Written by Greg M. Johnson and Wade Ritchie
Since the decision of the Supreme Court of Canada in Daishowa‑Marubeni International Ltd. v. Canada, 2013 SCC 29 [Daishowa], clarity exists for how a vendor treats abandonment obligations on the sale of resource properties—namely, the amount of the abandonment obligations do not form additional consideration but are simply factored into the purchase price for such properties. Daishowa did not address how the purchaser should characterize the costs incurred in meeting these assumed abandonment obligations.

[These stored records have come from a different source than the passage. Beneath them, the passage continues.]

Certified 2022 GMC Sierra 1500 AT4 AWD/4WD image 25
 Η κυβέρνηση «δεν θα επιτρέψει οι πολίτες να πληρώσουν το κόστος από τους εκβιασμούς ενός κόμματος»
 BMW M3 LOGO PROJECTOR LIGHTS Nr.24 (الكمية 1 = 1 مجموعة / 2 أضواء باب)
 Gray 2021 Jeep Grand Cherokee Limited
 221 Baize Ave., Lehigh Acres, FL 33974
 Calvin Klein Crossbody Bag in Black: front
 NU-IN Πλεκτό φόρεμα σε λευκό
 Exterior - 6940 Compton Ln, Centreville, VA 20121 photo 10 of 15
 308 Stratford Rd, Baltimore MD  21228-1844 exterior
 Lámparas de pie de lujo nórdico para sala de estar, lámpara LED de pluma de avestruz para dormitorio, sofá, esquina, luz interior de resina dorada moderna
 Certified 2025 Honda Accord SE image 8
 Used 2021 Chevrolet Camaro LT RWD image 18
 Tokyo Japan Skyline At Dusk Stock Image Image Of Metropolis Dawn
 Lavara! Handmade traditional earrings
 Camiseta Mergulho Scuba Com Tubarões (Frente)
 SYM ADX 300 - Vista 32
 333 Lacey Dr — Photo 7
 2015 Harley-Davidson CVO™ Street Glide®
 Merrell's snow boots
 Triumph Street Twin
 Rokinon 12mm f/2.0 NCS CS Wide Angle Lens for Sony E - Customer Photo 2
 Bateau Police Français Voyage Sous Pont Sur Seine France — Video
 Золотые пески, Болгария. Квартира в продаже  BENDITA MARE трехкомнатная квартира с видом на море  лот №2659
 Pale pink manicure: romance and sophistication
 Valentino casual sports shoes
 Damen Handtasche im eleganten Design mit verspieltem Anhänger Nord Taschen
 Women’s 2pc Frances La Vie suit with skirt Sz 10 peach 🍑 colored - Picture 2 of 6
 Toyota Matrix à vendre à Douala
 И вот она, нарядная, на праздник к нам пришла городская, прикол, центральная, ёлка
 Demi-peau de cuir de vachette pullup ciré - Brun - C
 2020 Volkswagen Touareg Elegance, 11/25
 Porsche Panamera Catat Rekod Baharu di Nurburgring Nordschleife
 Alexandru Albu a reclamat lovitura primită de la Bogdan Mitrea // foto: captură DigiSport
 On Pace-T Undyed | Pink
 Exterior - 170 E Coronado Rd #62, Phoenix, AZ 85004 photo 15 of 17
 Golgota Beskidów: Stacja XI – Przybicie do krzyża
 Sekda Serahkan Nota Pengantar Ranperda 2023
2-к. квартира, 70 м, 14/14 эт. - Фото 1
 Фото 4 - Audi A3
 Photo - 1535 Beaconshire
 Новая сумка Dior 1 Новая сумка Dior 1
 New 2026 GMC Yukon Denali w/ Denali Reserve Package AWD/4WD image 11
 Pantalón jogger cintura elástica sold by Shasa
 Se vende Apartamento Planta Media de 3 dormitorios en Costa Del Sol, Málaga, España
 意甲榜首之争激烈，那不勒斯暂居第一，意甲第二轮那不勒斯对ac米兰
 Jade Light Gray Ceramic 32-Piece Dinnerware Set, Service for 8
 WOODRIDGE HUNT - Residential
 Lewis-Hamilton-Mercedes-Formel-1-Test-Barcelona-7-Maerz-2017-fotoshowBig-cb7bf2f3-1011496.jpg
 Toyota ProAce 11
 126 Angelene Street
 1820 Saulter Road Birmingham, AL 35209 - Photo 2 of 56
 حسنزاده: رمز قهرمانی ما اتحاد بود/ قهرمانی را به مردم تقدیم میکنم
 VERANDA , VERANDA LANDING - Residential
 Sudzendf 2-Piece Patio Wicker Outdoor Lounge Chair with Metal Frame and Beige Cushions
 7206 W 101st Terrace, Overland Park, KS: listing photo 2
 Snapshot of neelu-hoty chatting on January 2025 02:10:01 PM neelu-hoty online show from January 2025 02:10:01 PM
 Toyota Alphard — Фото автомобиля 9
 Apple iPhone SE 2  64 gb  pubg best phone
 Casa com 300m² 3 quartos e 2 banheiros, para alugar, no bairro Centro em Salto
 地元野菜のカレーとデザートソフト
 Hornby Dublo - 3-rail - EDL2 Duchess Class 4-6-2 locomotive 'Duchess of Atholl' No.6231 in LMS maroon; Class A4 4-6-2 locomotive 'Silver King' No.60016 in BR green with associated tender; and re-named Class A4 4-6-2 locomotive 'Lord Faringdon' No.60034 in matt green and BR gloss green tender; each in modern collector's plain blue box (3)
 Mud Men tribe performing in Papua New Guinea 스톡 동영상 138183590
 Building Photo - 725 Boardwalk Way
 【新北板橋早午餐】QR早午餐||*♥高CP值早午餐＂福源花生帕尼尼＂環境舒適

In a recent article available to subscribers at Thomson Reuters, The Cost of Acquiring an Asset With Environmental Liabilities Post - Daishowa, we address this issue. The Canadian Revenue Agency (CRA) had historically taken the view that a purchaser should include the amounts paid for abandonment obligations as an additional cost of the property which would typically be additional COGPE (or Canadian oil and gas property expense). The CRA refused to update this position at the 2017 Canadian Petroleum Tax Society Conference, however, this view is inconsistent with Daishowa where the Court held that the proceeds of disposition for a resource property is the amount received (which would include consideration of, and be reduced by, any abandonment obligations). In our view, the purchaser should not include amounts paid for assumed abandonment obligations as an additional cost of the resource property, and should apply general tax principles to characterize these costs. The applicable test will be whether such amounts are on income or capital account. In the article we conclude that the payment of such abandonment costs should generally be on income account and be deductible in computing income.